Virginia Tech Magazine
Message from the President | Winter 2007

Long-term investments in academic research
by Charles W. Steger '69

President Charles Steger

"This is an historic investment in Virginia's future,
one that can save lives and generate economic growth."
--Gov. Mark Warner, December 2005

Upon former Gov. Mark Warner's recommendation, the 2006 Virginia General Assembly made significant direct investments in academic research for the first time. The resulting Commonwealth Research Initiative (CRI) began with more than $250 million in seed money for the state's public universities.

This investment in research was remarkable not only for its breadth, but also because it indicates that our political leadership has come to realize the undeniable link between direct investment in research and a better future for the state. Many generations have passed since our forefathers had to make a similar argument--that it was a wise use of the public purse to invest in human capital. Today, it is readily understood that individuals, businesses, and society all benefit from underwriting the cost of public schools, colleges, and universities.

Today, it is ever more apparent that our quality of life and our economic competitiveness are linked to new ideas, discoveries, inventions, and different ways of doing business. Many such inventions are spawned by research at the nation’s institutions of higher education.

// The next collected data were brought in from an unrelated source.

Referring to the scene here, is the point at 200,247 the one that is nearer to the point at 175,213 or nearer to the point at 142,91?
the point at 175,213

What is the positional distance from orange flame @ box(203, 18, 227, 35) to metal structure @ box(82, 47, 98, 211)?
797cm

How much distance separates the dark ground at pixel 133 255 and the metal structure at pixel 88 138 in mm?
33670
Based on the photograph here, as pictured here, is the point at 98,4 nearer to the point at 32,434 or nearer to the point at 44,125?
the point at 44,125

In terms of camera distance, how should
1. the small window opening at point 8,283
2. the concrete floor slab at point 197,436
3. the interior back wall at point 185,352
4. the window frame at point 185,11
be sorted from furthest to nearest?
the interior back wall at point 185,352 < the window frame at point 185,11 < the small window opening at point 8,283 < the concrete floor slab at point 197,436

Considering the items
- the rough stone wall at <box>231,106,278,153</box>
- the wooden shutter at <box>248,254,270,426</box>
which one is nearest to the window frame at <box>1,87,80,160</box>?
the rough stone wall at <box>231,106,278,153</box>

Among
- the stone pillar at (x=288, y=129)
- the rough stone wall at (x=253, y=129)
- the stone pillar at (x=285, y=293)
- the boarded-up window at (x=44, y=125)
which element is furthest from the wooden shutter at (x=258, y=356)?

States that do not understand this connection will struggle to create the jobs necessary in a modern society--and Virginia is late to this game. In contrast, Michigan is already developing a Life Sciences Corridor with more than $1 billion for biomedical research at its public universities. The Georgia Research Alliance has invested more than $400 million in its universities, which in turn has attracted more than $500 million in additional research. And California has approved a 10-year, $3 billion effort to become a global leader in stem cell research.

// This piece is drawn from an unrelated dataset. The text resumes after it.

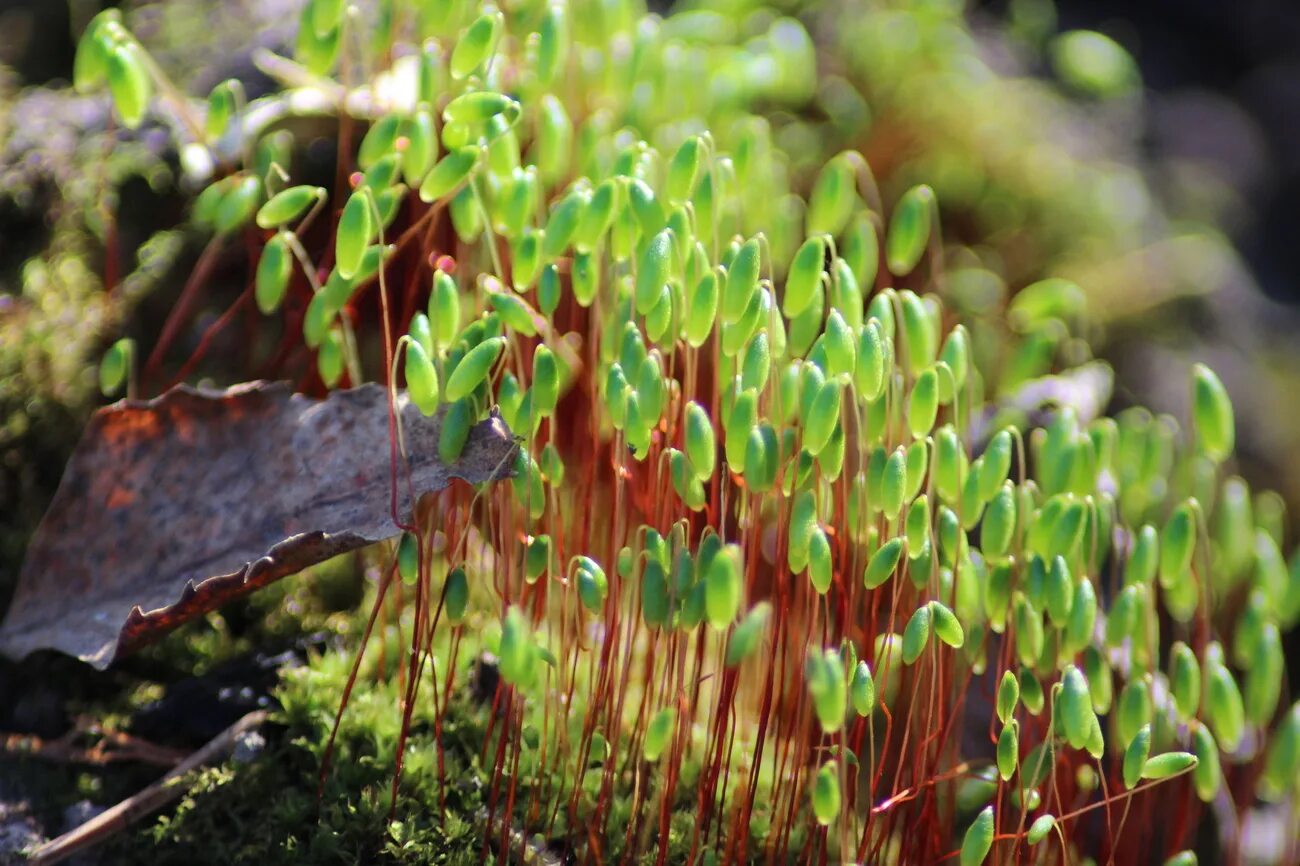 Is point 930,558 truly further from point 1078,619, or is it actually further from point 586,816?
point 586,816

In addition to a positive business climate in the traditional sense, states must have a positive intellectual climate as it relates to knowledge-job creation and a well-educated work force.

While the federal government has been the primary sponsor of basic research for about 60 years, the aforementioned states and many others recognize that they must make strategic investments today in order to maintain an opportunity to compete tomorrow. In addition to a positive business climate in the traditional sense, states must have a positive intellectual climate as it relates to knowledge-job creation and a well-educated work force, and they must generate the ideas and innovation that spawn business development.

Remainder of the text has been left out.